National Book Awards host Daniel Handler apologizes for watermelon joke
NEW YORK, N.Y. – Daniel Handler is apologizing for comments made at the National Book Awards that have been criticized as racist.
The author sometimes known as “Lemony Snicket” hosted Wednesday night’s ceremony in Manhattan, where one of the winners was Jacqueline Woodson’s “Brown Girl Dreaming.” After Woodson collected her prize, Handler gestured to her and mentioned an exchange that he had said he would make public only should she win. He had learned that Woodson was allergic to watermelon and suggested she mention it in a book. She in turn suggested that he mention it.

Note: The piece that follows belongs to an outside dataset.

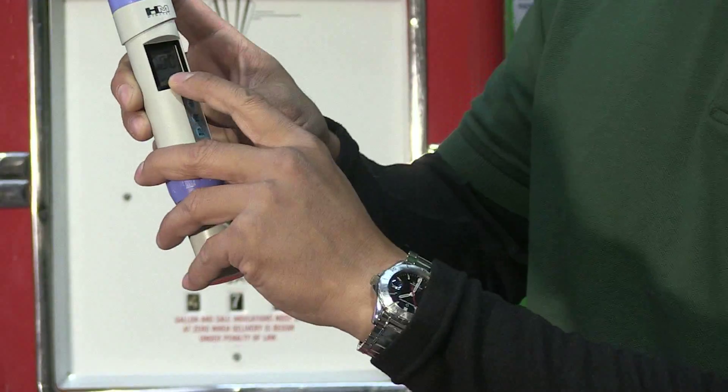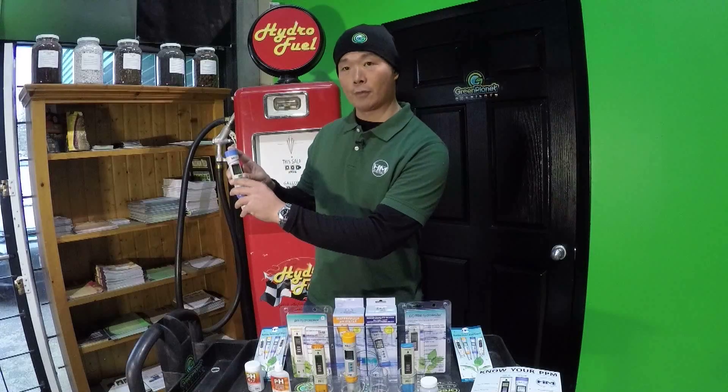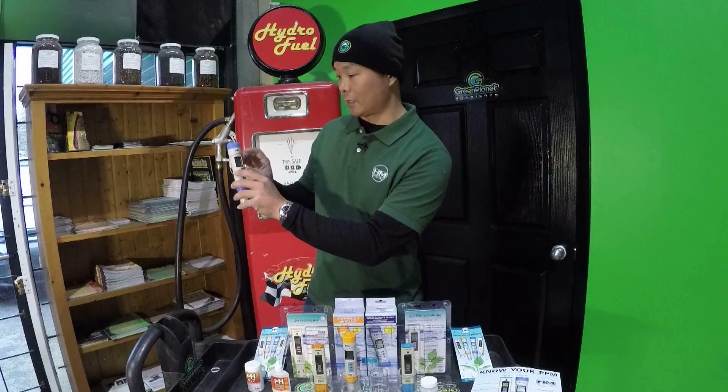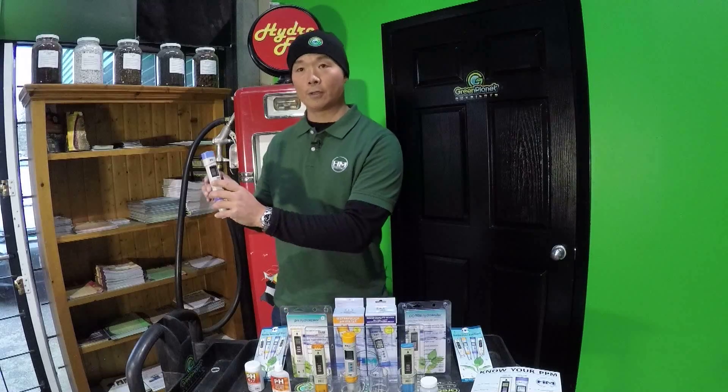It has a large display — three digits for TDS and conductivity. If it goes over a thousand PPM or a thousand microsiemens of conductivity, it'll have a little flashing indicator. That shows you that you're over range, and you can add that extra zero to your reading.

“And I said, ‘I’m only writing a book about a black girl who’s allergic to watermelon if I get a blurb from you, Cornel West, Toni Morrison and Barack Obama saying, ‘This guy’s OK. This guy’s fine,’” he said to mild laughter from a crowd of hundreds.
On Thursday, Handler tweeted that he had meant to celebrate the achievements of Woodson and others and that his “ill-conceived attempts at humour” had distracted from that.
“I clearly failed, and I’m sorry,” he wrote.
A spokeswoman for Woodson at her publisher, Penguin Young Readers Group, said the author was “not commenting at this time.”
Handler, one of the country’s most popular young adult writers, also made jokes about Amazon.com and the perceived lack of glamour in publishing. He made another racial comment earlier in the evening, when he said that he would never win a Coretta Scott King Award, named for the widow of the Rev. Martin Luther King Jr. and given to African-American authors.